Earthquake and Recent Finds at Susita
Excavation continues at Susita, the site on the hills overlooking the east bank of Kinneret, the Sea of Galilee. The finds were discovered under the roof of a building that collapsed in the earthquake of 363 CE. Susita was also called Hippos as it sits like a horse on a hilltop 350m. above the lake. According to the excavator, Dr. Michael Eisenberg of Haifa University, the collapsed building, the largest on the site, was a basilica that served as a marketplace, and a number of skeletons were discovered under its collapsed roof. One of them was of a young woman who was wearing a golden dove-shaped pendant. Also found was the marble leg of a statue that may have been 2m. high, that of a god or an athlete. The earthquake of 363 was a powerful one and completely destroyed the city, which took twenty years to be rebuilt and, according to Eisenberg, there was a later earthquake of 749 CE, which destroyed the city completely – the city was never rebuilt. The city had a bastion of the Roman period that overlooked the lake and there the archaeologists found a catapult-like machine that would have been 8m. long and could have launched massive stone ammunition, some of which was still extant at the site.
Ancient Mikveh – Recent Graffiti, South of Beit Shemesh
In a rescue dig at the Ha’Ela junction, before the widening of Route 38, the Israel Antiquities Authority (IAA) has uncovered an ancient mikveh, believed to be dated to about 100 CE, and a massive water cistern of about two hundred years later. Great interest centred on the fact that the ceiling of the cistern had been scratched with the names of two Australian soldiers at the time of the British Mandate. According to Yoav Tsur of the IAA, the find “allows us to reconstruct a double story – a Jewish settlement of the second century CE, probably against the background of the Bar-Kochba Revolt and another story, no less fascinating, about a group of Australian soldiers who visited the site 1,700 years later and left their mark”. They left their names, Corporals Scarlett and Walsh and their numbers in the RAE (Royal Australian Engineers) with the date 30/5/1940.
According to the IAA, research shows that Scarlett died in 1970 and Walsh in 2005, but the IAA will contact their families to tell them about the find. The Israel National Roads Company has agreed to slightly change the junction layout so that the finds can be incorporated in the adjacent landscaping.
Latin Inscription Found in Jerusalem
Although found in July, this inscription from the time of the reign of the Emperor Hadrian was only recently displayed to the public at the Rockefeller Museum. It is on a large stone, weighing one ton and was found in secondary use as part of the cover of a deep cistern, with part of the stone cut out in a semi-circle to accommodate a small manhole cover to the cistern.

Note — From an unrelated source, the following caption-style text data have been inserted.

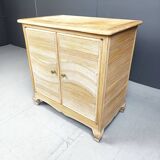 Vintage pencil reed cabinet, 1970s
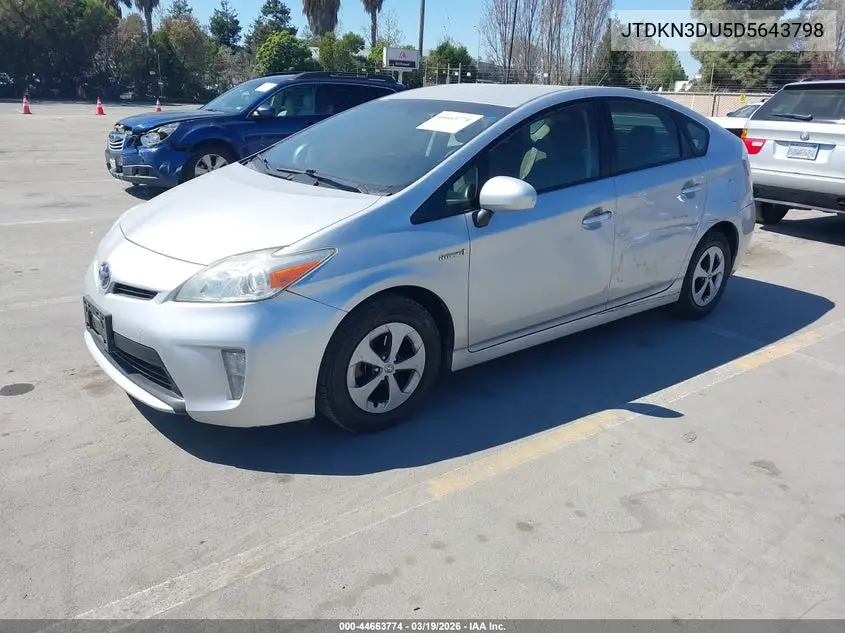 JTDKN3DU5D5643798 2013 Toyota Prius Two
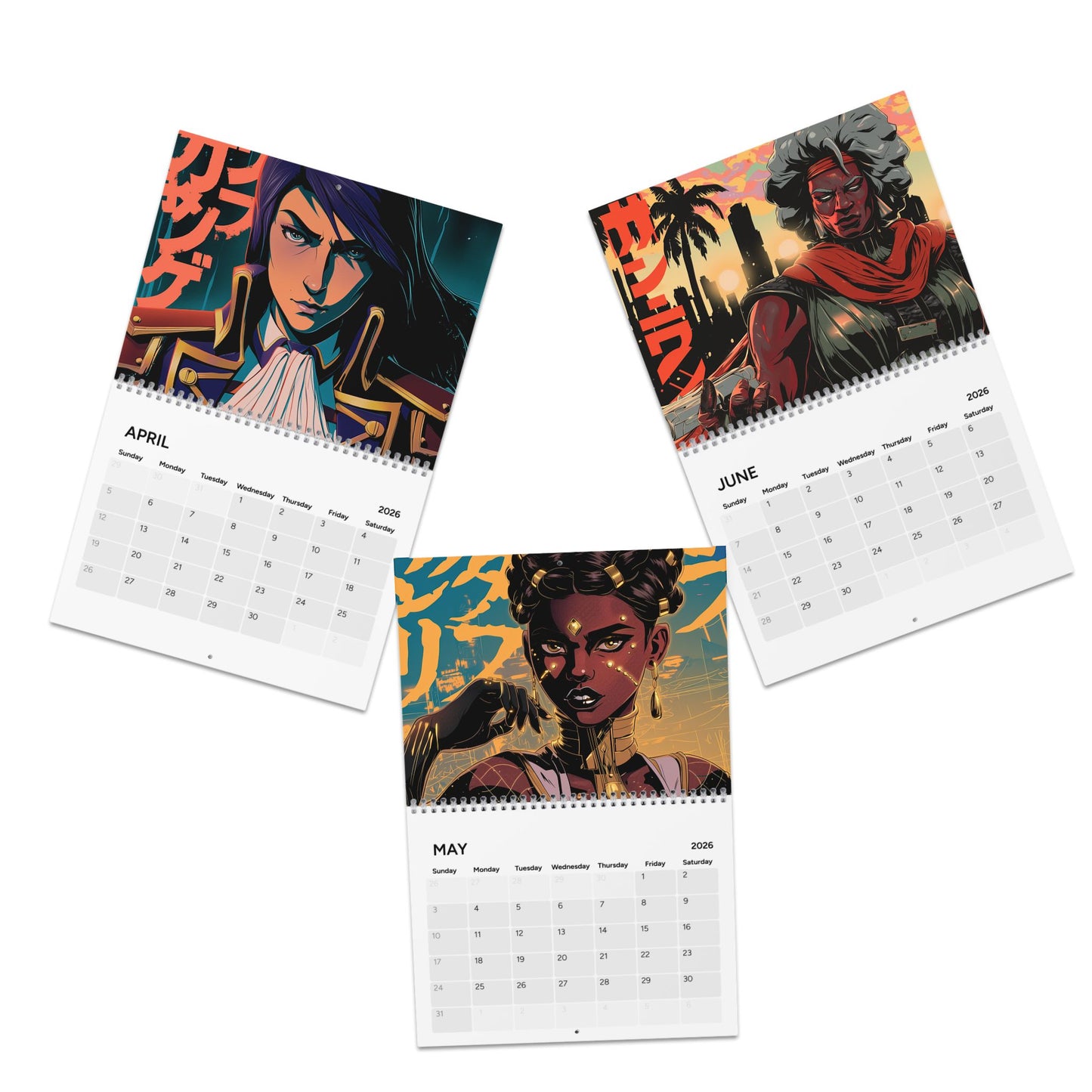 Anime Inspired Wall Calendar 2026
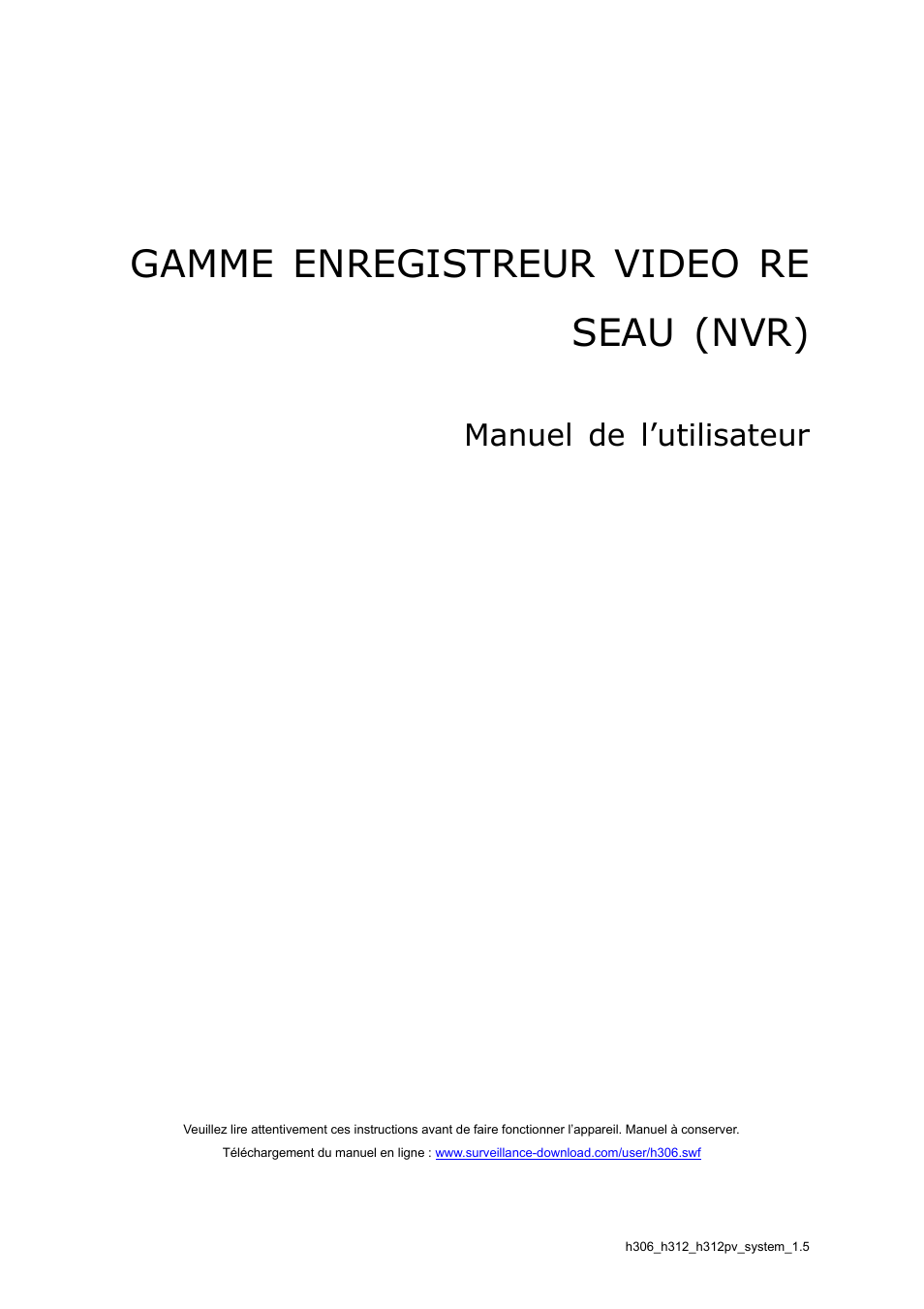 Français, Gamme enregistreur video re seau (nvr), Manuel de l’utilisateur | Velleman NVR2 User Manual | Page 158 / 314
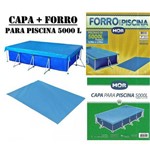 Ficha técnica e caractérísticas do produto Kit Capa + Forro para Piscina 5000 Litros Retangular - Mor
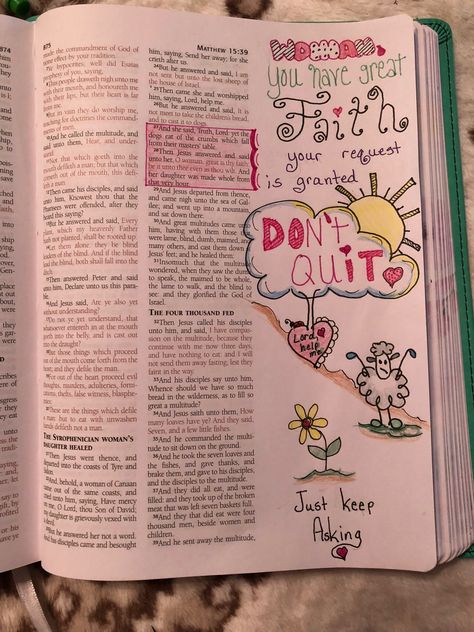 Matthew Bible Journaling, Mathew 7, Matthew 27, Matthew Bible, Matthew 15, Holy Girl, Bible Journal, Doodle Art Designs, Bible Journaling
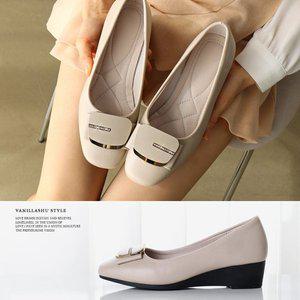 [바닐라슈] 스미츠 소프트 쿠션탄력 웨지힐 펌프스(4cm)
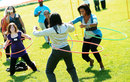 America's 'Mom-In-Chief'  Hula Hoops For Health . . . . . . And Fun!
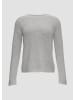 QS Strickpullover in 9400_grau meliert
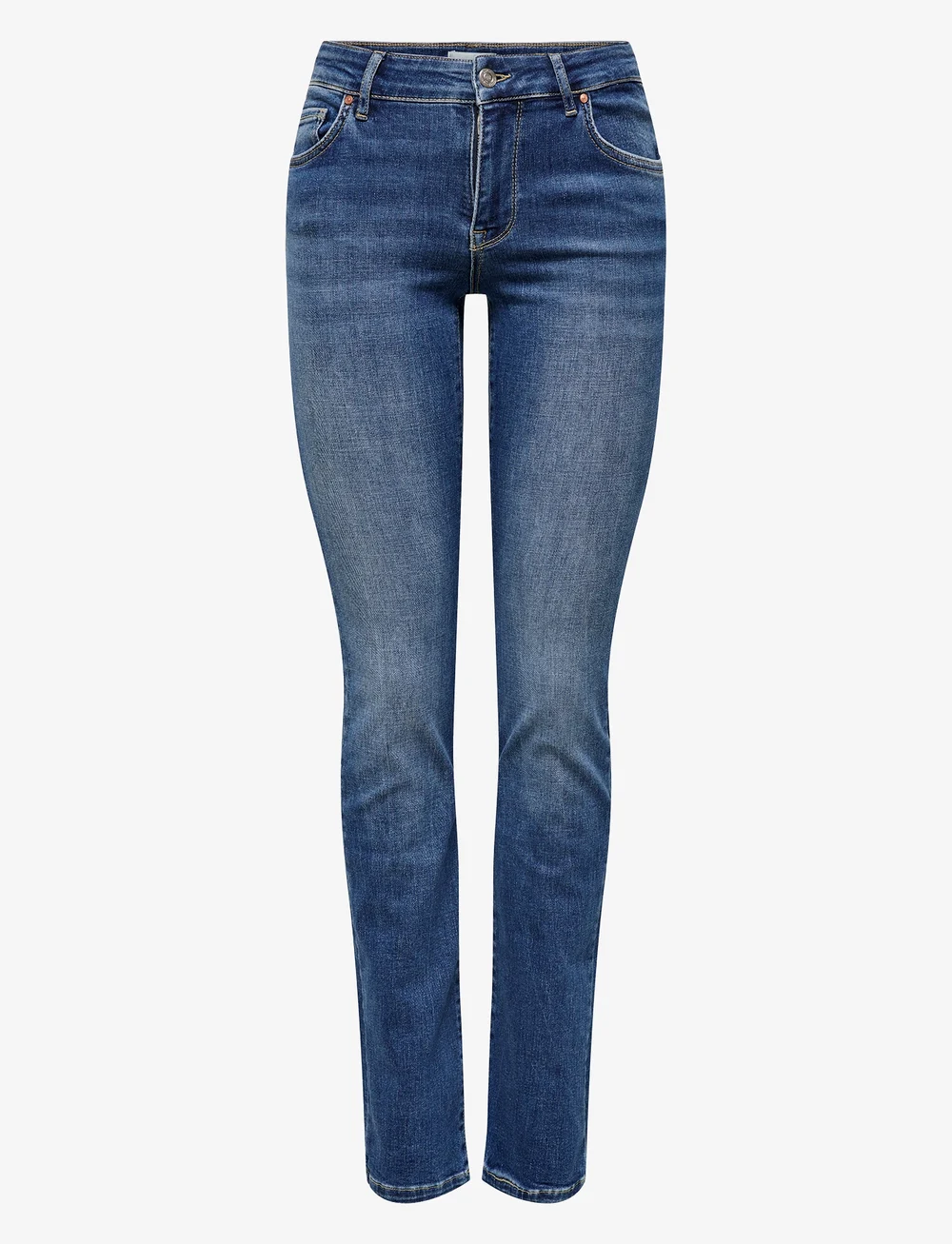 ONLY - ONLALICIA REG STRT DNM DOT879 NOOS - straight jeans - medium blue denim - 1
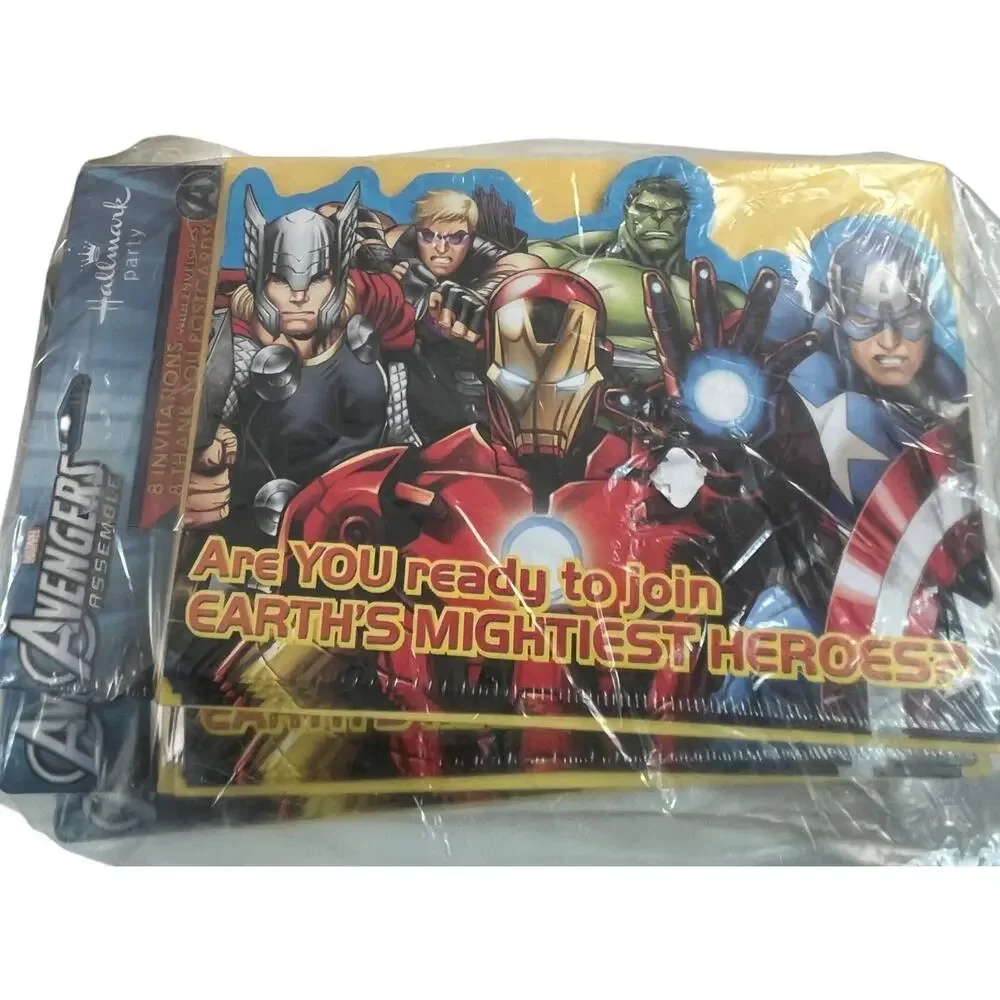 Hallmark Avengers Star Wars Dragon Party Supplies Invitations Ribbon Lot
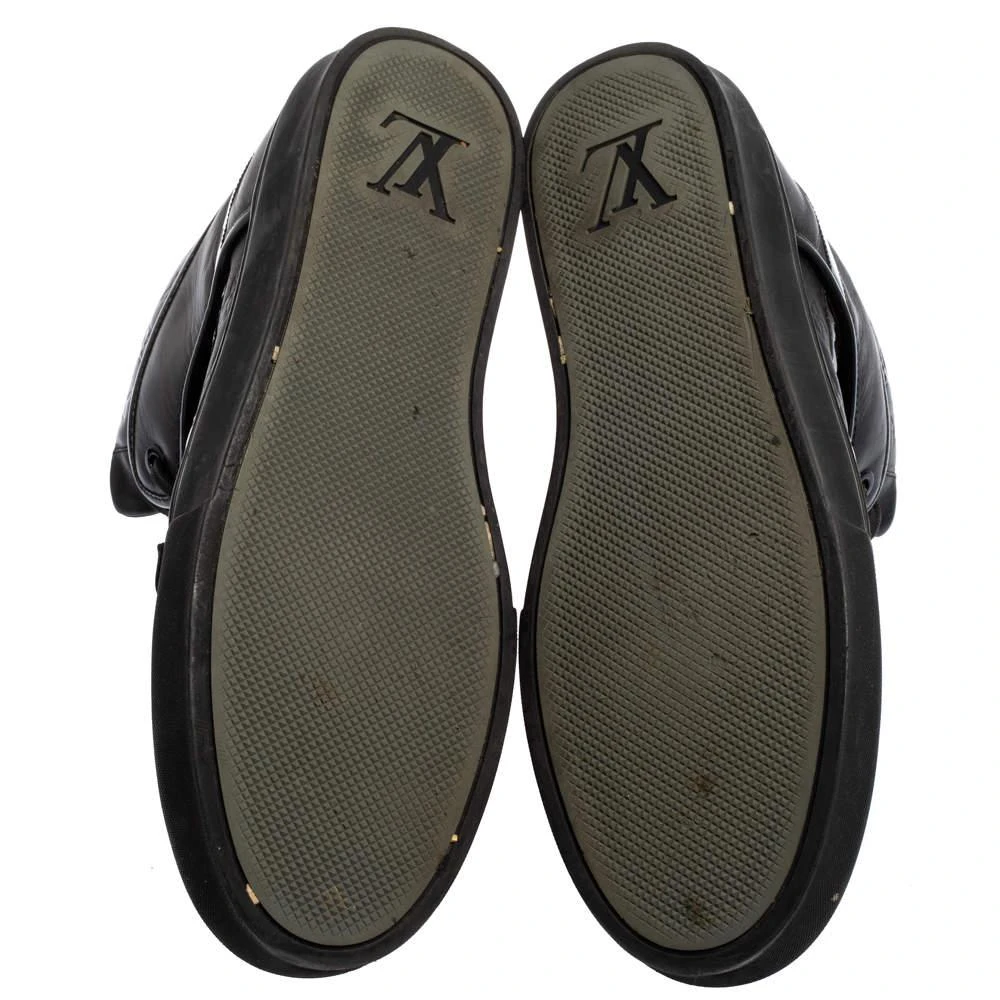 Louis Vuitton Black Monogram Leather And Patent Leather Tower High Top Sneakers Size 44.5 商品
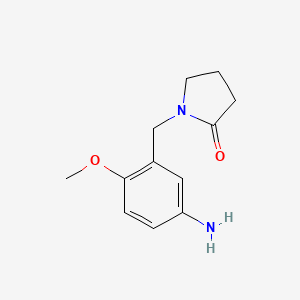 molecular formula C12H16N2O2 B1344489 1-(5-Amino-2-methoxybenzyl)pyrrolidin-2-one CAS No. 887405-47-2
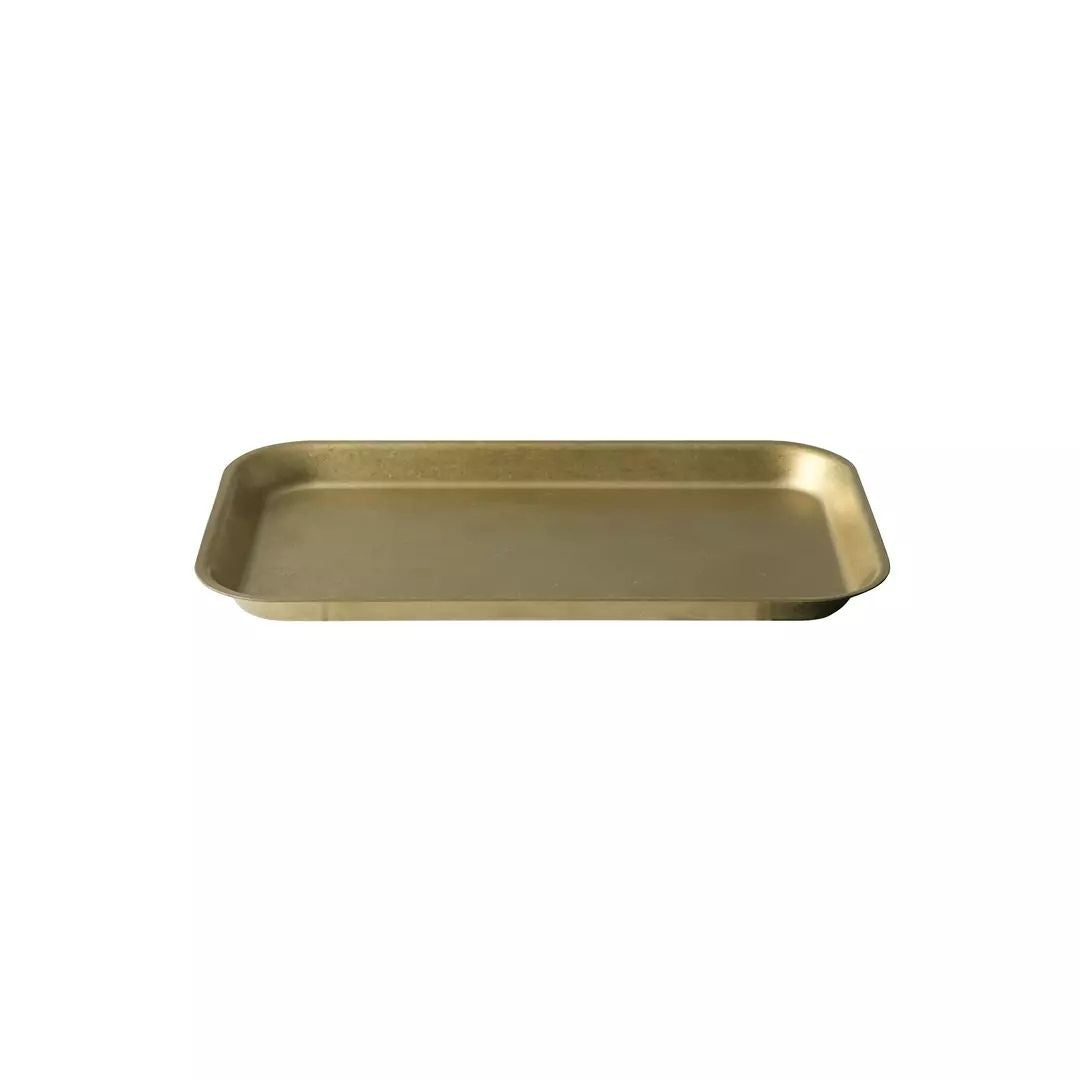 Vintage Serving-ware, Gold Rectangular Tray 190 x 110 x 12mm, Moda: Pack of 12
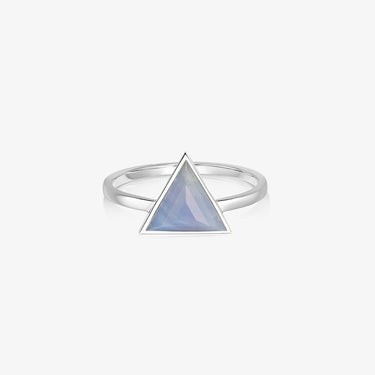 Blue Lace Agate Guardian Ring (Silver)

The inscription reads (in translation):To the Imperator Caesar Traianus Hadrianus Augustus, son of the deified Traianus Pathicus, grandson of the deified Nerva, high priest, invested with tribunician power for the fourteenth time, consul for the third time, father of the country (dedicated by) the tenth legion Fretensis Antoniniana
It is dated to the year 129/130 CE, when Hadrian was touring his eastern colonies and dedicated the rebuilt Jerusalem as Colonia Aelia Capitolina. The inscription is in fine classic Roman lettering and according to Dr. Rina Avner who led the IAA team that located it, “there is no doubt that this is one of the most important official Latin inscriptions that have been discovered in this country.”
The other half of the inscription, which was found many years ago by the French diplomat Charles Clermont-Ganneau, is on display in the Studium Biblicum Franciscanum at the Lion’s gate of the old City.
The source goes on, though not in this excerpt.